Segment Open

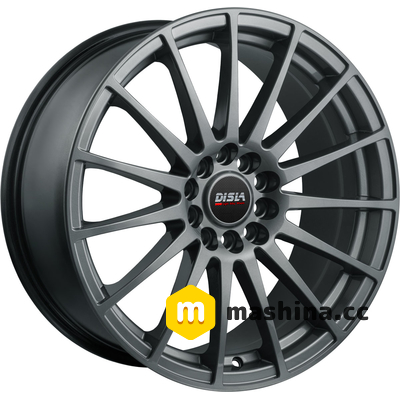 Disla Turismo 7.5x17 5x112 ET40 DIA66.6 GM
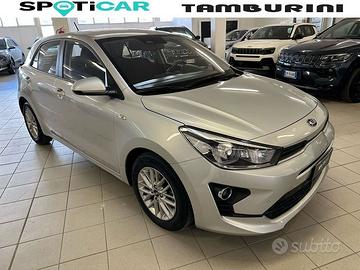 KIA Rio 1.0 T-GDi 100 CV MHEV iMT Style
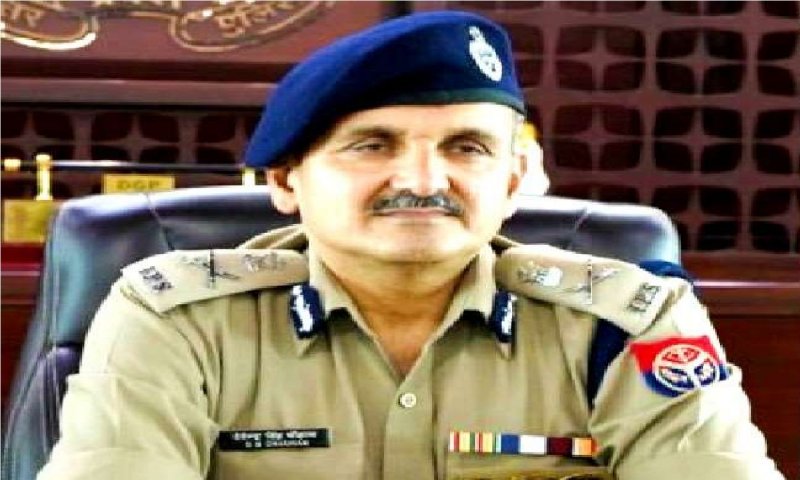 DS Chauhan: UP के पूर्व DGP बने UPCA के निदेशक, जानें कौन हैं रिटायर IPS डीएस चौहान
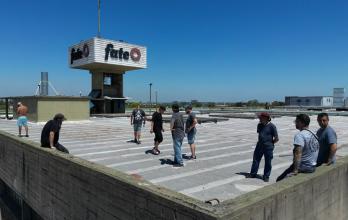 Mundo, Argentina, Huelga general, Javier Milei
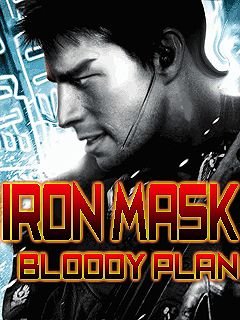 game pic for Iron Mask: Bloody Plan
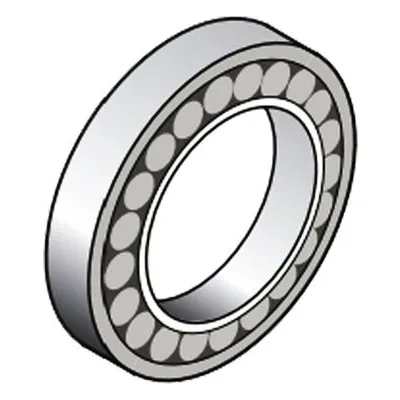 Berkeley Pump Replacement & Repair Part S29895 for Centrifugal & Irrigation Industrial Pumps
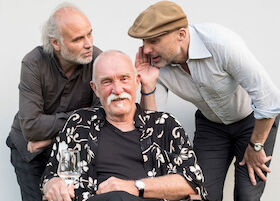 Bild: Urknall - Konzert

Segment Closed

Exact reproduction is required for the lines from the one containing "Mundo, Argentina, Huelga" through the end of the material, and for those lines only, without pictures.

 Mundo, Argentina, Huelga general, Javier Milei
 game pic for Iron Mask: Bloody Plan
 Berkeley Pump Replacement & Repair Part S29895 for Centrifugal & Irrigation Industrial Pumps
 Bild: Urknall - Konzert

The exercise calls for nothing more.